Friday, February 20, 2009

How to build and staff a greenhouse on a budget

More radiology training – feel like I have a fairly good handle on this now thanks to all the hard work of the rad tech Lori Haugen who is here right now but is leaving end of this week. This is our passing of the torch week – all the old crew will be gone by next Mon.
Attended winter survival school this afternoon – the abc’s of how to light your hair on fire with a MSR whisper-light stove and run around like a madman with a rain fly from the tent as your Superman cape. All joking aside, they do a good job of training you in 3 classroom hours how to survive in minus 20 and below. There ia a more involved version that most the guys I came here with attended - Happy Camper. I may yet get to that next spring.

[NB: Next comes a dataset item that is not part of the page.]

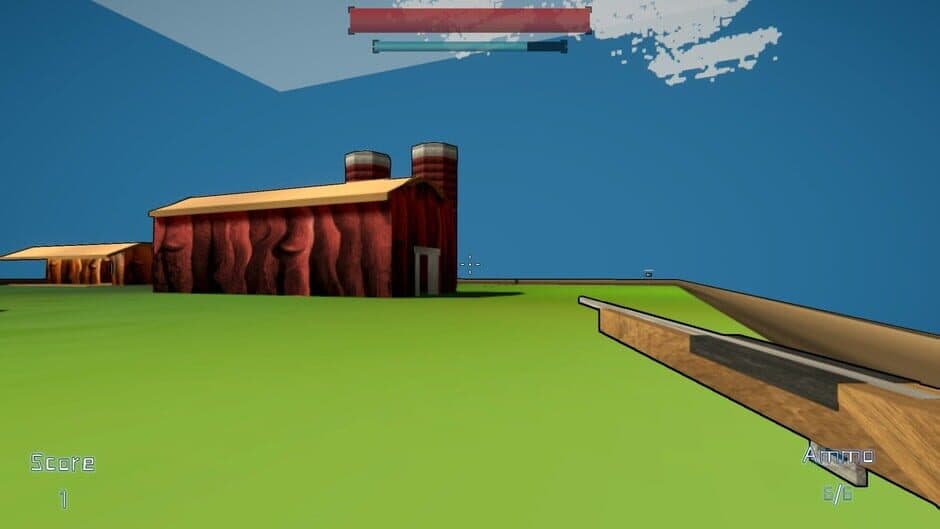 Скриншот 7 из Screws Loose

Also, I am officially the Basil queen of the green house now (unless I plant some rosemary as well. And Tuesday is my day to deal with all greenhouse systems as well as take care of my little corner of the Reynold’s wrap palace. The green house was started in 1979 by one of the construction guys who was allotted an overwhelming budget of $75 and license to beg/borrow/scrounge whatever he also needed. He got 2 wanagons (a cheap version of a milvan) from the navy and joined them one against the other. This is what forms our cucumber and lettuce rooms to this day. The herb room was originally a sunroom area that he scrounged the windows for when they were replacing dorm windows. He found out quickly however that the windows lost a tremendous amount of heat, boarded them over. This is the green house’s 20th anniversary. Not bad for a bungy cord, used PVC pipe, navy scrounged wanagon grow shed with no running water or drains in it. That’s right – why put a hydroponic green house somewhere near running water and a drain when the greenhouse volunteers and workers can lug the water up hill (did I forget to mention it is one of the highest buildings in town and is actually tucked behind the open storage area?) and then have to drain water into 55 gal drums that then need to be lugged down the hill. All that aside, it is one of the corner havens for all MacTowners and they string hammocks up between suspended lines of lettuce just to hang out somewhere green, cool, warm and with smells.